Secretary of State Steve Simon did a quick Q&A with students in Jeff Aas’ American Government and Politics class about the 2016 election, barriers to voting, and reasons to vote beyond participating in a community or honoring the sacrifices of people who fought for voting rights.
“Those are serious and real and totally legitimate,” Simon said. “I just think we can’t leave it there. We have to add to it. Not ditch that, but add to it, and talk a little bit about how it’s also, in addition to those things, in your self-interest to vote.”
The students there -- most of whom are seniors -- were about to inherit formal political power of their own, Simon said, and he cautioned against refusing to vote out of discouragement or spite.
“You might be tempted to say, ‘I don't want to dignify this with my participation. I don't wanna validate either the system or these candidates or this election with my vote,’ and I get that impulse. It's a natural impulse,” he said. “Don't give into that impulse.”

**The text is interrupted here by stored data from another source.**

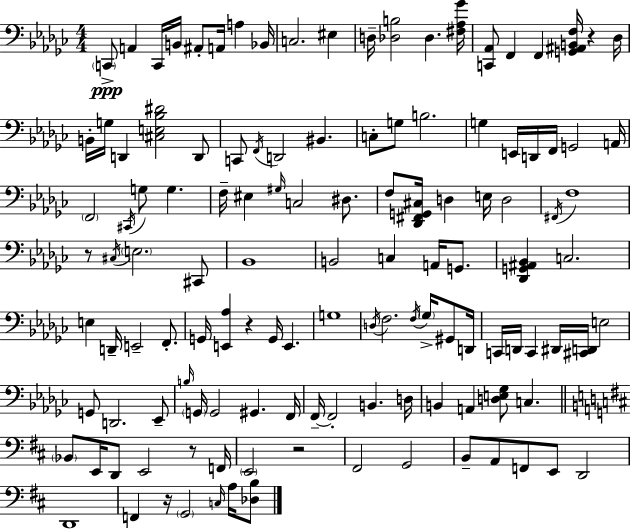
{
  \clef bass
  \numericTimeSignature
  \time 4/4
  \key ees \minor
  \repeat volta 2 { \parenthesize c,8->\ppp a,4 c,16 b,16 ais,8-. a,16 a4 bes,16 | c2. eis4 | d16-- <des b>2 des4. <fis aes ges'>16 | <c, aes,>8 f,4 f,4 <g, ais, b, f>16 r4 des16 | \break b,16-. g16 d,4 <cis e bes dis'>2 d,8 | c,8 \acciaccatura { f,16 } d,2 bis,4. | c8-. g8 b2. | g4 e,16 d,16 f,16 g,2 | \break a,16 \parenthesize f,2 \acciaccatura { cis,16 } g8 g4. | f16-- eis4 \grace { gis16 } c2 | dis8. f8 <des, fis, g, cis>16 d4 e16 d2 | \acciaccatura { fis,16 } f1 | \break r8 \acciaccatura { cis16 } \parenthesize e2. | cis,8 bes,1 | b,2 c4 | a,16 g,8. <des, g, ais, bes,>4 c2. | \break e4 d,16-- e,2-- | f,8.-. g,16 <e, aes>4 r4 g,16 e,4. | g1 | \acciaccatura { d16 } f2. | \break \acciaccatura { f16 } \parenthesize ges16-> gis,8 d,16 c,16 d,16 c,4 dis,16 <cis, d,>16 e2 | g,8 d,2. | ees,8-- \grace { b16 } \parenthesize g,16 g,2 | gis,4. f,16 f,16--~~ f,2-. | \break b,4. d16 b,4 a,4 | <d e ges>8 c4. \bar "||" \break \key d \major \parenthesize bes,8 e,16 d,8 e,2 r8 f,16 | \parenthesize e,2 r2 | fis,2 g,2 | b,8-- a,8 f,8 e,8 d,2 | \break d,1 | f,4 r16 \parenthesize g,2 \grace { c16 } a16 <des b>8 | } \bar "|."
}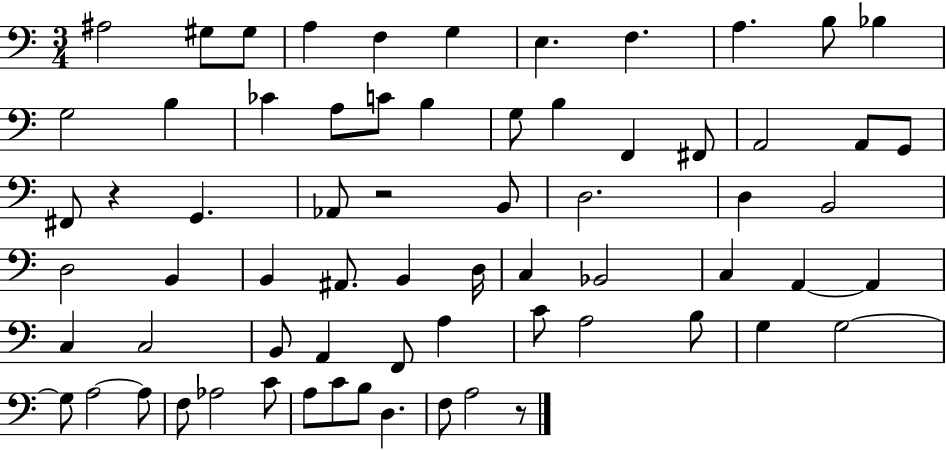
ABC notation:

X:1
T:Untitled
M:3/4
L:1/4
K:C
^A,2 ^G,/2 ^G,/2 A, F, G, E, F, A, B,/2 _B, G,2 B, _C A,/2 C/2 B, G,/2 B, F,, ^F,,/2 A,,2 A,,/2 G,,/2 ^F,,/2 z G,, _A,,/2 z2 B,,/2 D,2 D, B,,2 D,2 B,, B,, ^A,,/2 B,, D,/4 C, _B,,2 C, A,, A,, C, C,2 B,,/2 A,, F,,/2 A, C/2 A,2 B,/2 G, G,2 G,/2 A,2 A,/2 F,/2 _A,2 C/2 A,/2 C/2 B,/2 D, F,/2 A,2 z/2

Aas’ students told Simon their senior class was more politically motivated than younger grades because, they presumed, those students were closed to voting eligibility. Many, including Simon, agreed that the 2016 election was particularly intense and polarizing.
“I think it's fair to say that we had two major party nominees who inspired strong feelings,” Simon said wryly.
“Something like that,” one student quipped.
One student said a trip to President Trump’s inauguration was an eye-opener for her and other delegates, and that it fleshed out some of her earlier civics lessons and understanding of the election process.
Another student said he was disillusioned by the pettiness of some candidates in the ’16 election and the effect of the electoral college. And another said the election made people reluctant to speak out for fear of being shut down, and that fear may extend into the voting booth itself.
“This is a tough nut to crack, and nobody's in a better position than you to figure out how to crack it, how to get people interested and intrigued and engaged, even before they're eligible to vote,” Simon said.
He touted Minnesota’s extensive voter turnout figures, statewide mock election for high schoolers, and initiatives to expand absentee voting. He also stressed how relatively easy it is to register to vote in Minnesota.
Aas said the secretary of state’s visit is another way to get his students thinking and learning about politics. He joked to them that Simon shouldn’t be confused with Rex Tillerson, the U.S. Secretary of State who was ousted earlier that morning.
Simon had similar talks Tuesday at the Leech Lake Band of Ojibwe tribal offices, in front of the League of Women Voters in Park Rapids and the Detroit Lakes Regional Chamber of Commerce.
“You can't do this job well by just sitting in an office in St. Paul,” he said. “I have been and want to continue to focus on young people, even those who aren't voters yet, so that we can get good habits started early.”